Nothing but the pictures is dropped; write out all the remaining data below exactly.
───── Task inputs ─────
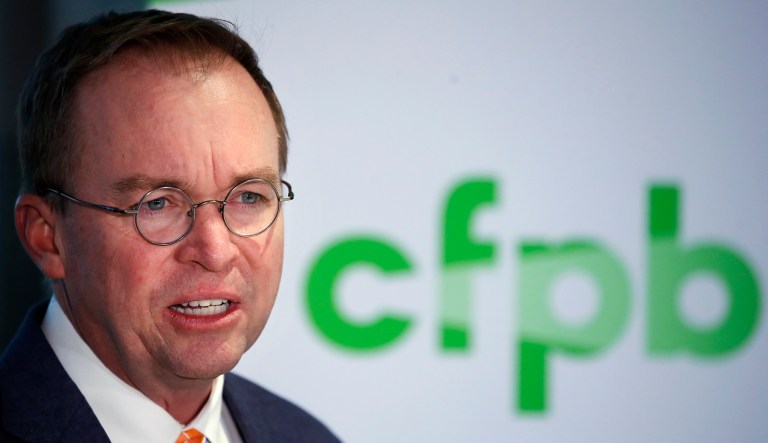 Mick Mulvaney speaks during a news conference after his first day as acting director of the Consumer Financial Protection Bureau in Washington, Monday, Nov. 27, 2017.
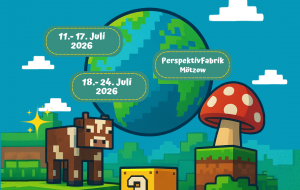KidsCamp Poster mit Digitaler Welt QR und Datum 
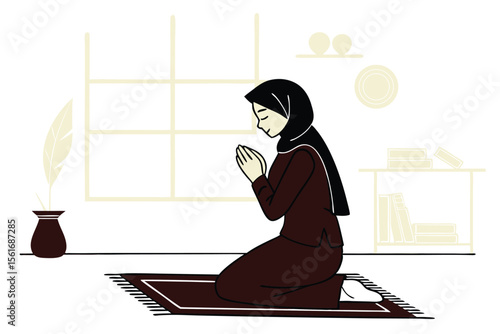 Muslim woman in hijab praying on a decorative prayer mat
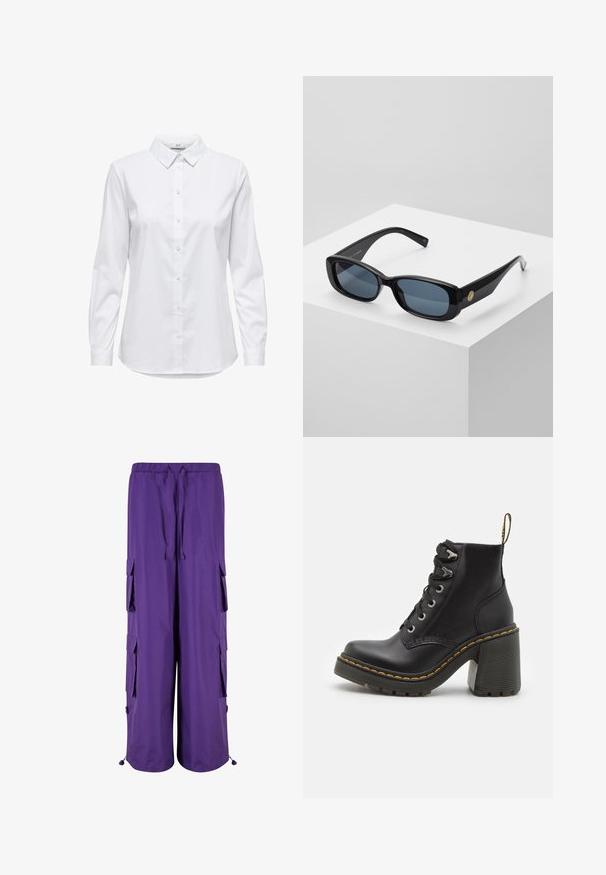 Fehér, hosszú ujjú, gombos ing, strukturált gallérral és lekerekített aljjal. Zökkenőmentes, egyszínű anyagból készült, látható minták vagy díszítések nélkül.; Lila cargo nadrág elasztikus derékrésszel, két oldalsó zsebbe és két cargo zsebbe szerelve. Könnyű anyagból készült, sima textúrával.; Fekete bőr bokacsizma, telitalpú, csipkés elülső résszel, fém szemekkel és sárga varrással a talpon. Texturált gumi talp.; Fekete, téglalap alakú napszemüveg kék árnyalatú lencsékkel, vastag kerettel és arany kör alakú díszítéssel az oldalon. Simaságot és fényességet sugárzó külső.; Burgundy színű, szintetikus anyagból készült kézitáska, strukturált dizájnnal, levehető pánttal és a fogantyúra kötött virágmintás sállal.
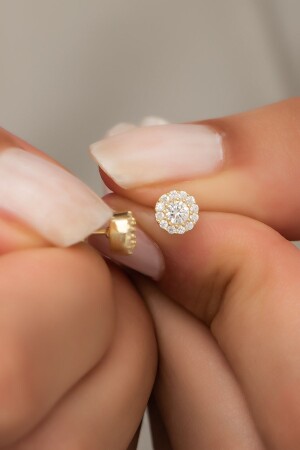 925 Sterling Silver Tiny Gold Zircon Solitaire Earring - Nereze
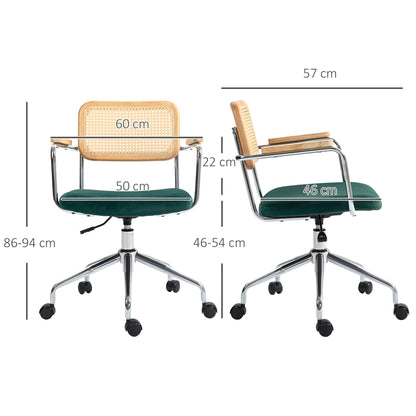 HOMCOM Bürostuhl, Boho-Design, Holzarmlehnen, drehbar, verstellbar, bis 120 kg, Stahl, Grün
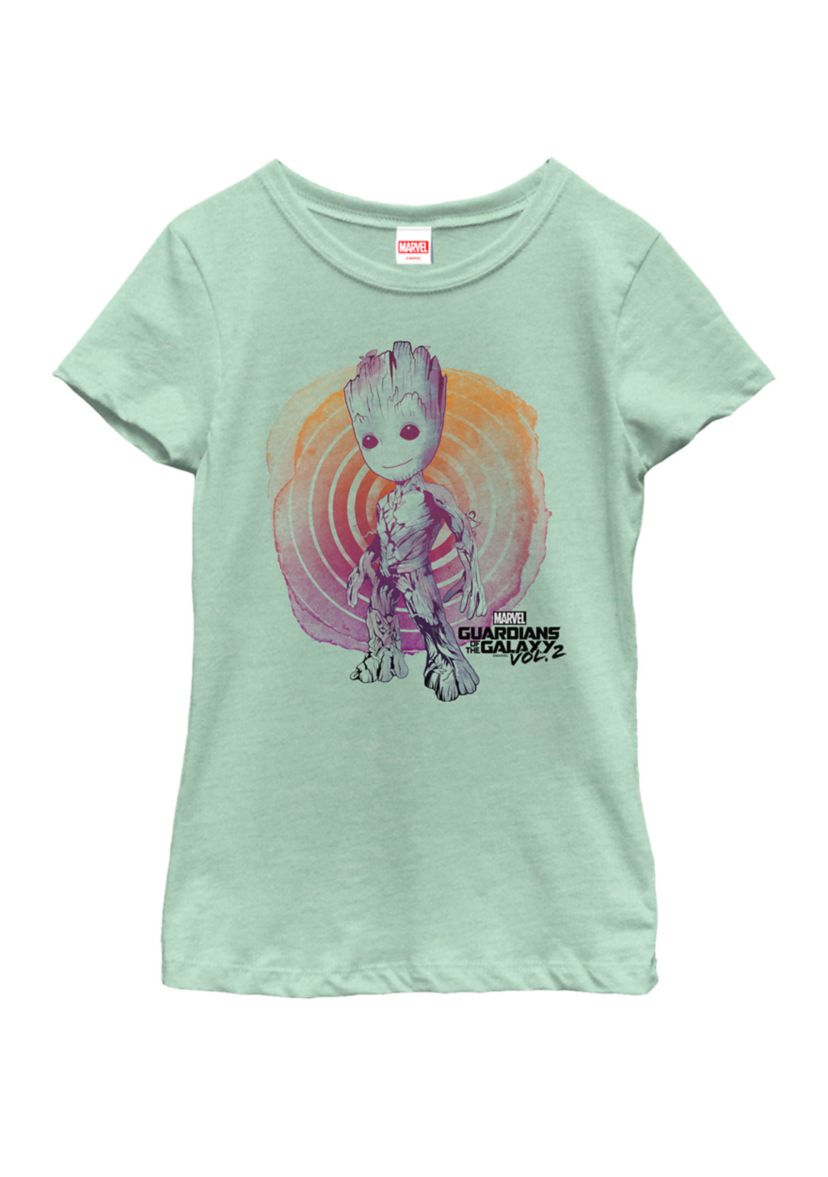 Girls Guardians Vol. 2 Groot Watercolor Swirl Short Sleeve Graphic T-Shirt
─────
Exercise response:
 Mick Mulvaney speaks during a news conference after his first day as acting director of the Consumer Financial Protection Bureau in Washington, Monday, Nov. 27, 2017.
KidsCamp Poster mit Digitaler Welt QR und Datum 
 Muslim woman in hijab praying on a decorative prayer mat
 Fehér, hosszú ujjú, gombos ing, strukturált gallérral és lekerekített aljjal. Zökkenőmentes, egyszínű anyagból készült, látható minták vagy díszítések nélkül.; Lila cargo nadrág elasztikus derékrésszel, két oldalsó zsebbe és két cargo zsebbe szerelve. Könnyű anyagból készült, sima textúrával.; Fekete bőr bokacsizma, telitalpú, csipkés elülső résszel, fém szemekkel és sárga varrással a talpon. Texturált gumi talp.; Fekete, téglalap alakú napszemüveg kék árnyalatú lencsékkel, vastag kerettel és arany kör alakú díszítéssel az oldalon. Simaságot és fényességet sugárzó külső.; Burgundy színű, szintetikus anyagból készült kézitáska, strukturált dizájnnal, levehető pánttal és a fogantyúra kötött virágmintás sállal.
 925 Sterling Silver Tiny Gold Zircon Solitaire Earring - Nereze
 HOMCOM Bürostuhl, Boho-Design, Holzarmlehnen, drehbar, verstellbar, bis 120 kg, Stahl, Grün
 Girls Guardians Vol. 2 Groot Watercolor Swirl Short Sleeve Graphic T-Shirt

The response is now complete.